------ GIVEN INFORMATION ------
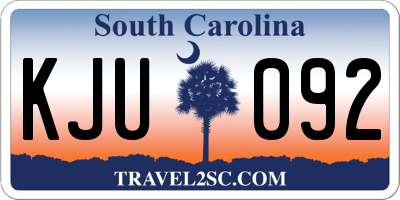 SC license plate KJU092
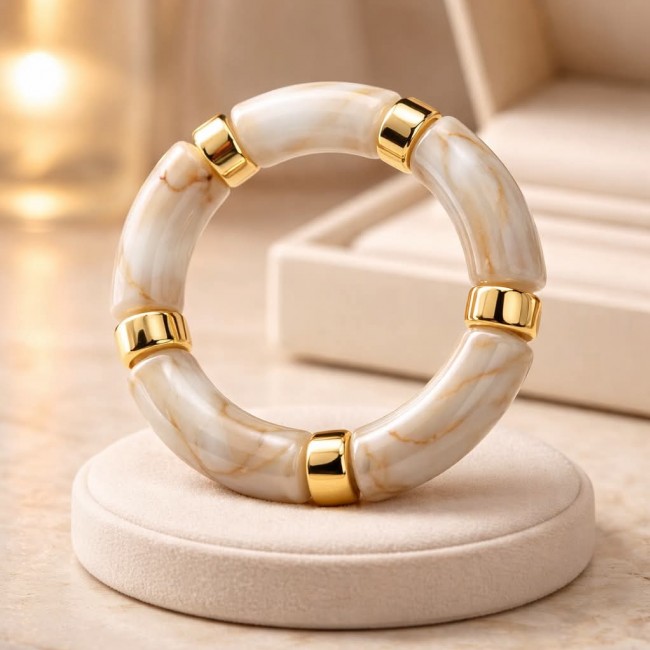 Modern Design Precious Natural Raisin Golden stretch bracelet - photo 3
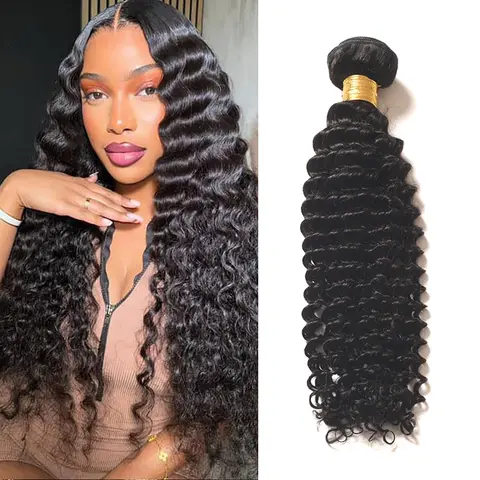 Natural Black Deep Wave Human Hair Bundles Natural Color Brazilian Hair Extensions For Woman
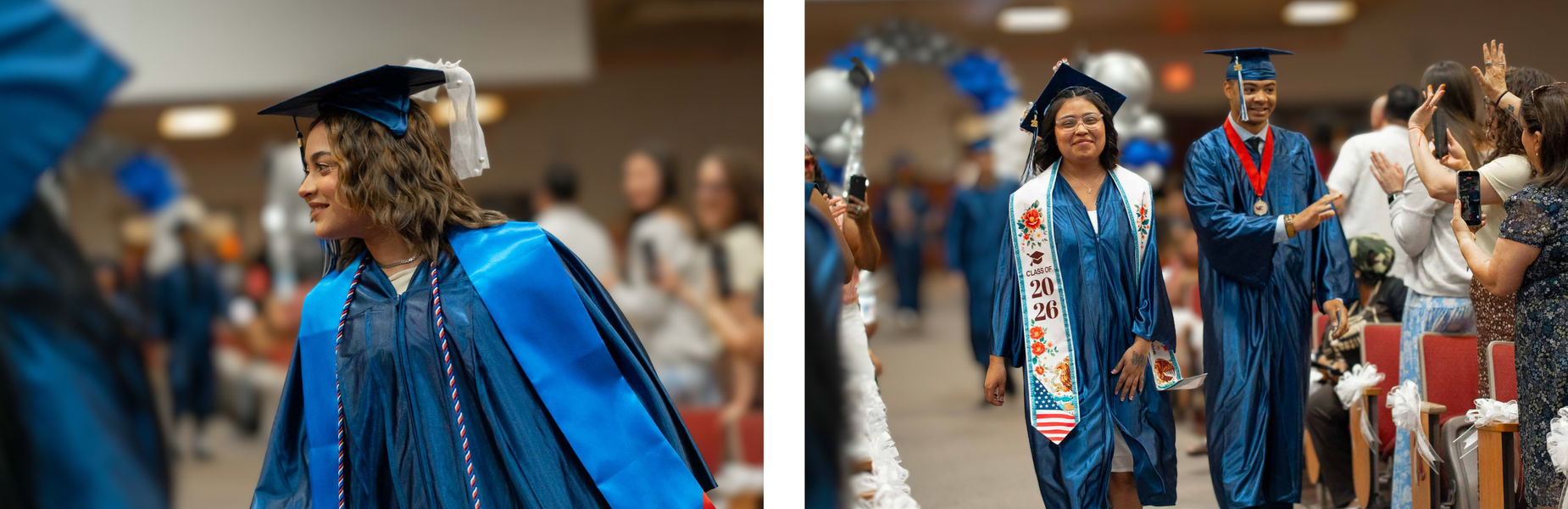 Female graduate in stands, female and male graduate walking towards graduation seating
------
YOUR GOAL
Apart from the images, retype the full material exactly as written.

TASK OUTPUT
 SC license plate KJU092
 Modern Design Precious Natural Raisin Golden stretch bracelet - photo 3
 Natural Black Deep Wave Human Hair Bundles Natural Color Brazilian Hair Extensions For Woman
 Female graduate in stands, female and male graduate walking towards graduation seating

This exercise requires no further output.